*Task directions*. Up to and including the line with "Palmistry Hand Vintage", please set down the entries below exactly, starting from the first line.

*Data extract*.
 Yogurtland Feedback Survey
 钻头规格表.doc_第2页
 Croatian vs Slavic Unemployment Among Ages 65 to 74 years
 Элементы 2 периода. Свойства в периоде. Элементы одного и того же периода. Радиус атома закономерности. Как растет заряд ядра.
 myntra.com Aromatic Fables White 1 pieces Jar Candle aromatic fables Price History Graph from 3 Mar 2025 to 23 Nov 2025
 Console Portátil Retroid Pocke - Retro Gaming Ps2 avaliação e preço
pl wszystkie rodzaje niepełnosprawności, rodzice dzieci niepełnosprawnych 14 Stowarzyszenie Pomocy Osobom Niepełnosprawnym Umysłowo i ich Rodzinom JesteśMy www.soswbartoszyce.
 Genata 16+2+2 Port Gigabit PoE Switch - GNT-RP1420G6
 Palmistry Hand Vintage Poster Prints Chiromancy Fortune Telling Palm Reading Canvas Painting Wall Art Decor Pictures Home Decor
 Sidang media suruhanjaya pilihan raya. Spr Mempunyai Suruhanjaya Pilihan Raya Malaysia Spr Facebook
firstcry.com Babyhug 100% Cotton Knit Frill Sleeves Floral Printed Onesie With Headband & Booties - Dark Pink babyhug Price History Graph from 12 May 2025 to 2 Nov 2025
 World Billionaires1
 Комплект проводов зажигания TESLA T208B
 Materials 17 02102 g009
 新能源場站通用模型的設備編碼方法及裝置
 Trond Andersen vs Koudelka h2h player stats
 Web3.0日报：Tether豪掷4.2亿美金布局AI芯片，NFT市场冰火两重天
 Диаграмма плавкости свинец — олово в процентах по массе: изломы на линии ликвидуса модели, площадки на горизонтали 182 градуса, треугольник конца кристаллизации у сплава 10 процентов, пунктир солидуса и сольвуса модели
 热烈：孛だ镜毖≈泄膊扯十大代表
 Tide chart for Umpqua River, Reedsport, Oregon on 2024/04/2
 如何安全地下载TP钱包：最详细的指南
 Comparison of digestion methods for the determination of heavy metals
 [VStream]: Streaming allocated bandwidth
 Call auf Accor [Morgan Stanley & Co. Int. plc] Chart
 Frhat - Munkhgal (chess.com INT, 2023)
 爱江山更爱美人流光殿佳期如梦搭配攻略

*Task answer*.
 Yogurtland Feedback Survey
 钻头规格表.doc_第2页
 Croatian vs Slavic Unemployment Among Ages 65 to 74 years
 Элементы 2 периода. Свойства в периоде. Элементы одного и того же периода. Радиус атома закономерности. Как растет заряд ядра.
 myntra.com Aromatic Fables White 1 pieces Jar Candle aromatic fables Price History Graph from 3 Mar 2025 to 23 Nov 2025
 Console Portátil Retroid Pocke - Retro Gaming Ps2 avaliação e preço
pl wszystkie rodzaje niepełnosprawności, rodzice dzieci niepełnosprawnych 14 Stowarzyszenie Pomocy Osobom Niepełnosprawnym Umysłowo i ich Rodzinom JesteśMy www.soswbartoszyce.
 Genata 16+2+2 Port Gigabit PoE Switch - GNT-RP1420G6
 Palmistry Hand Vintage Poster Prints Chiromancy Fortune Telling Palm Reading Canvas Painting Wall Art Decor Pictures Home Decor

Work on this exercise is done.